-- SUPPLIED RECORDS --
╭──
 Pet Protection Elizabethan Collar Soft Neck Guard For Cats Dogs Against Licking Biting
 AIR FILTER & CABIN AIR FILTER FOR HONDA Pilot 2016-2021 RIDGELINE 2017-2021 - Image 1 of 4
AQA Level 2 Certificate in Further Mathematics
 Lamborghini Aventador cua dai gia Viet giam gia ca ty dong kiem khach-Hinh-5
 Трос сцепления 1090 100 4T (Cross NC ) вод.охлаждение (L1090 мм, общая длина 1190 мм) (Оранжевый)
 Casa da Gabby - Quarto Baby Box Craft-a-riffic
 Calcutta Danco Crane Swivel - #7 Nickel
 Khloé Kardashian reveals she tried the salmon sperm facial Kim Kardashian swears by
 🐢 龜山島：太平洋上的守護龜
╰──
╭──
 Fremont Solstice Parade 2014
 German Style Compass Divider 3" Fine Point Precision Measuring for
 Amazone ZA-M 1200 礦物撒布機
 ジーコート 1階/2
╰──
-- BRIEF --
Within the listing above, locate the line containing "Pet Protection Elizabethan" and the line containing "Casa da Gabby". Reproduce those two lines and all lines between them exactly, with nothing added.

-- RESPONSE TO THE EXERCISE --
 Pet Protection Elizabethan Collar Soft Neck Guard For Cats Dogs Against Licking Biting
 AIR FILTER & CABIN AIR FILTER FOR HONDA Pilot 2016-2021 RIDGELINE 2017-2021 - Image 1 of 4
AQA Level 2 Certificate in Further Mathematics
 Lamborghini Aventador cua dai gia Viet giam gia ca ty dong kiem khach-Hinh-5
 Трос сцепления 1090 100 4T (Cross NC ) вод.охлаждение (L1090 мм, общая длина 1190 мм) (Оранжевый)
 Casa da Gabby - Quarto Baby Box Craft-a-riffic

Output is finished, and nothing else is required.